*** The data ***

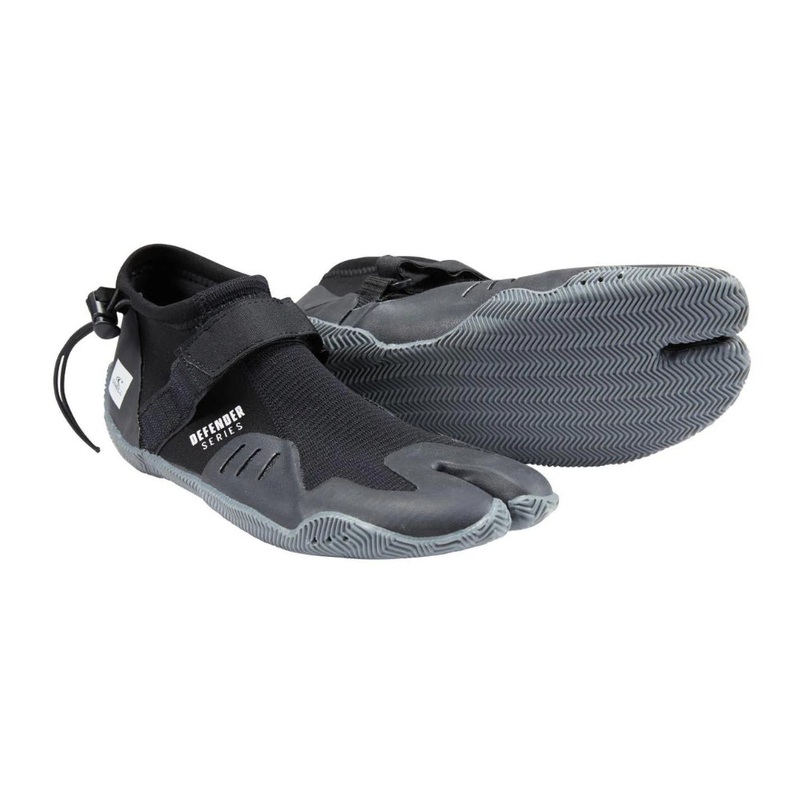 O’Neill Defender Split Toe Reef Boot 10 Black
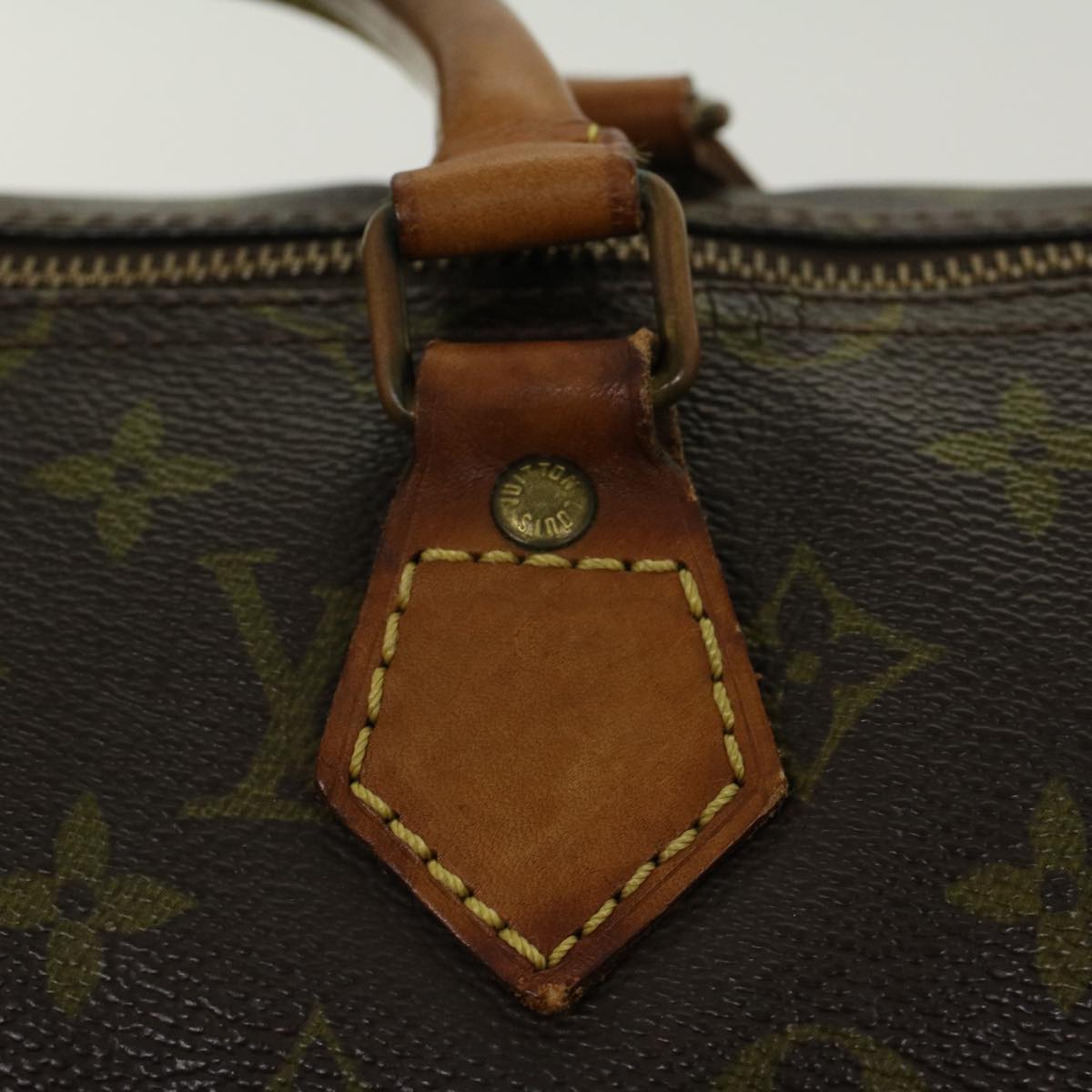 LOUIS VUITTON Monogram Speedy 35 Hand Bag M41524 LV bs6024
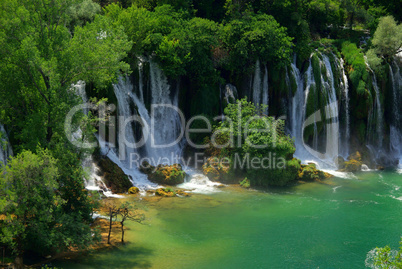 kravica wasserfälle - kravica waterfall 15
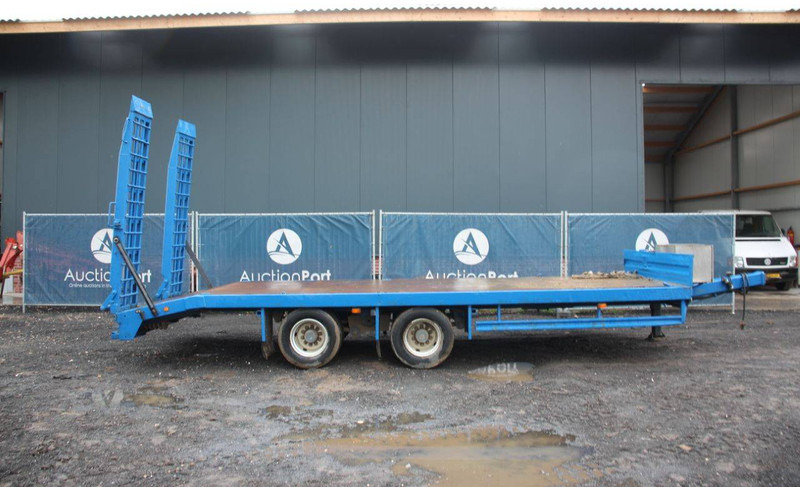 Muller Mitteltal ETÜ - TA 18.0 - Autotransporter trailer: picture 2 Muller Mitteltal ETÜ - TA 18.0 - Autotransporter trailer: picture 2
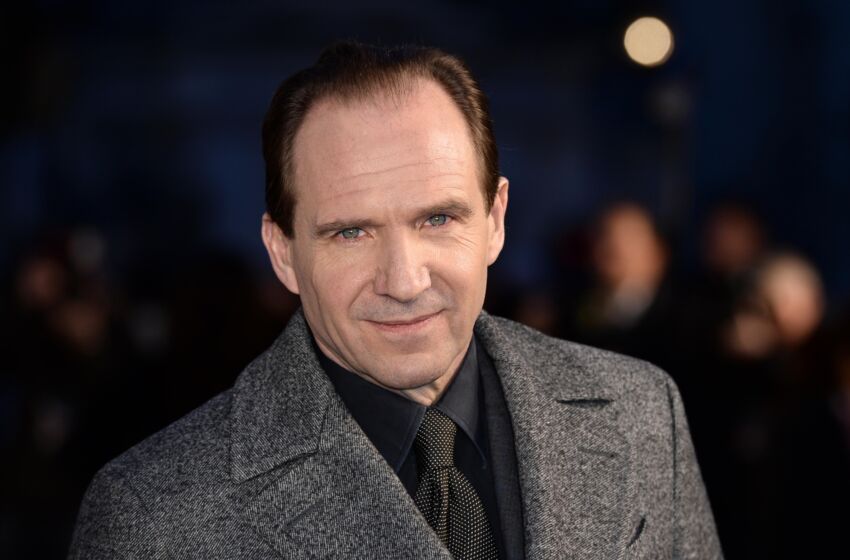 LONDON, ENGLAND - MARCH 12: Director and actor Ralph Fiennes attends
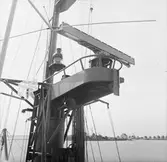 Minsvep Sturkö radaranläggning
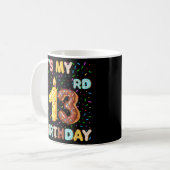 Mug C'est mon 13e anniversaire de Donut Doux 13 ans (Devant gauche)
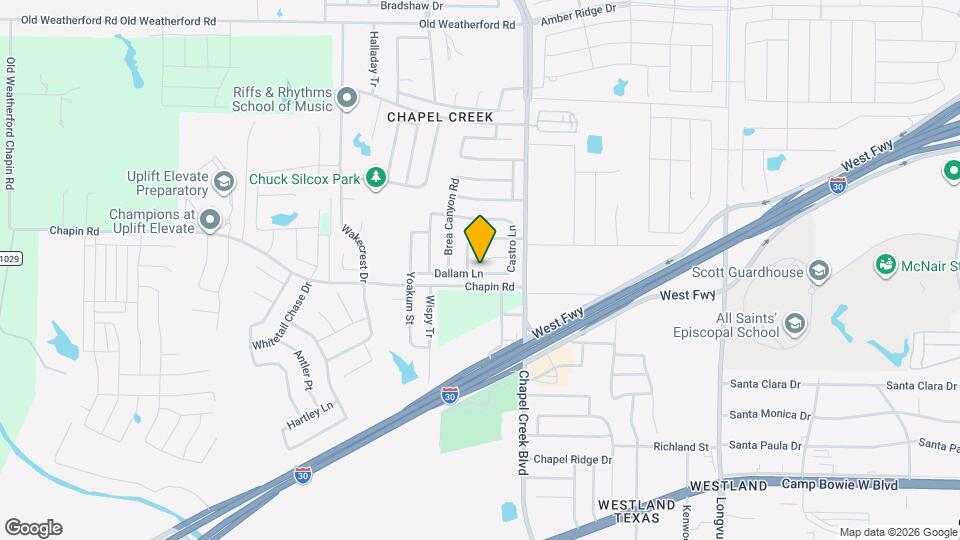 10228 Dallam Ln Map and Location Details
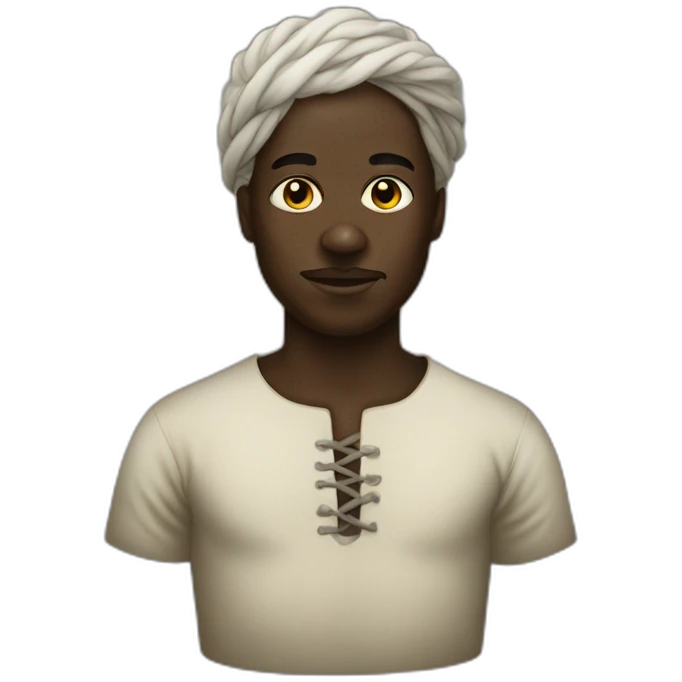 west indian slave emoji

***

- **Directions**: Copy out only the lines from the one containing "10228 Dallam Ln Map and Location Details" to the end of the entries, unchanged. Drop the pictures.

- **Exercise response**:
 10228 Dallam Ln Map and Location Details
 west indian slave emoji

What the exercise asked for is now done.